Я доехал на трамвае до кольца, под моросящим дождиком, в сапогах и в ватнике, прошёл по шпалам через большие открытые ворота. Я вошёл в длинный одноэтажный дом, в набитую мокрыми людьми тесную комнатку. За столом сидела женщина в куртке, замотанная платком, вела о чём-то спор. Я постоял, подождал. Я вдруг понял, что могу свободно уйти, и никто никогда об этом не узнает, не вспомнит. Но по инерции я продолжал стоять.
— Вам чего? — спросила наконец женщина, несколько смягчая свой голос для нового, неизвестного ещё человека.
Я объяснил.
— А-а-а! — сказала она уже в обычном своём тоне.
— Пойдёшь по путям, там всё увидишь!
Я пошёл вдоль путей, вдоль длинных бурых вагонов. В некоторых были сдвинуты двери, и там белели горы капусты. Капуста лежала и без вагонов, вокруг.
Я полез по одной такой горе, и вдруг она стала подо мной рушиться, кочаны со скрипом вдавливались куда-то вниз, потом я оказался стиснут ими, и они стискивали меня всё сильнее. Я пытался выбраться, хватался за дальние, неподвижные кочаны, но только верхние истрепанные их листья оставались в моих руках.

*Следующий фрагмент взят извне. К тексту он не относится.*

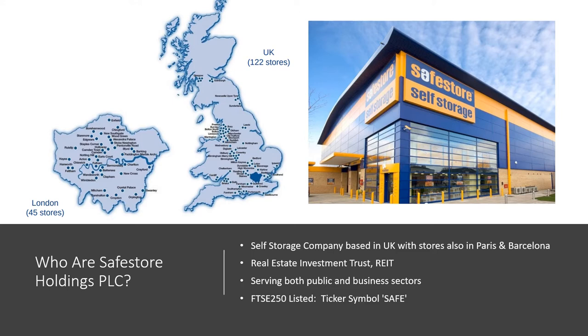It serves both the public and the business sector. You've probably seen the blue and yellow buildings from time to time if you've driven around the UK. Just a note — there's a disclaimer at the back of the presentation. This isn't investment advice; this is just sharing some research for your entertainment and education purposes. For the purposes of disclosure, I am long Safestore — I'm a happy shareholder of the company and I'll explain why in a minute.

«Это конец!» — подумал я, оказавшись зажатым в капусте, но тут вдруг началось какое-то движение, и я, в окружении нескольких сотен кочанов, скатился по капустной горе в длинный цементный коридор.

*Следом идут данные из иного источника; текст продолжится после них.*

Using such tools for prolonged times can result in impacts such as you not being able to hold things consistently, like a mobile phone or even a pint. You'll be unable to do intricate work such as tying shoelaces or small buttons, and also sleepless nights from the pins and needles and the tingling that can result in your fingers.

В коридоре на пустых деревянных ящиках, обитых по краям жестью, сидели тихие молчаливые люди.
— А-а-а, — сказал один из них, вставая. — Ну, молодец, что протолкнул!
И, больше не обращая на меня внимания, они стали с получившейся россыпи сгребать кочаны в ящики; поставив ящик на плечо, шли с ним вдоль по коридору.
Дальше был поворот, за поворотом горела лампочка и стоял длинный штабель из ящиков с капустой.
Поодаль на цементном полу валялась груда ящиков пустых.
Все взяли по пустому ящику и вернулись к капустной горе.
Долгое время мы работали молча.
— Зашиваемся! — сказал мне небритый человек в кепке. — Домой и то некогда сходить!
И действительно, когда уже в темноте мы кончили работать, никто не поехал домой. Полтора часа тащиться на трамвае сейчас, потом — полтора часа утром, рано вставать… стоит ли? Все прошли по коридору в какую-то комнату с окном в потолке и легли спать прямо на капусте, прикрывшись общим большим брезентом.
Утром мы встали и снова стали складывать капусту в ящики. Тут же была и столовая, здешний повар умел готовить из капусты множество прекрасных блюд!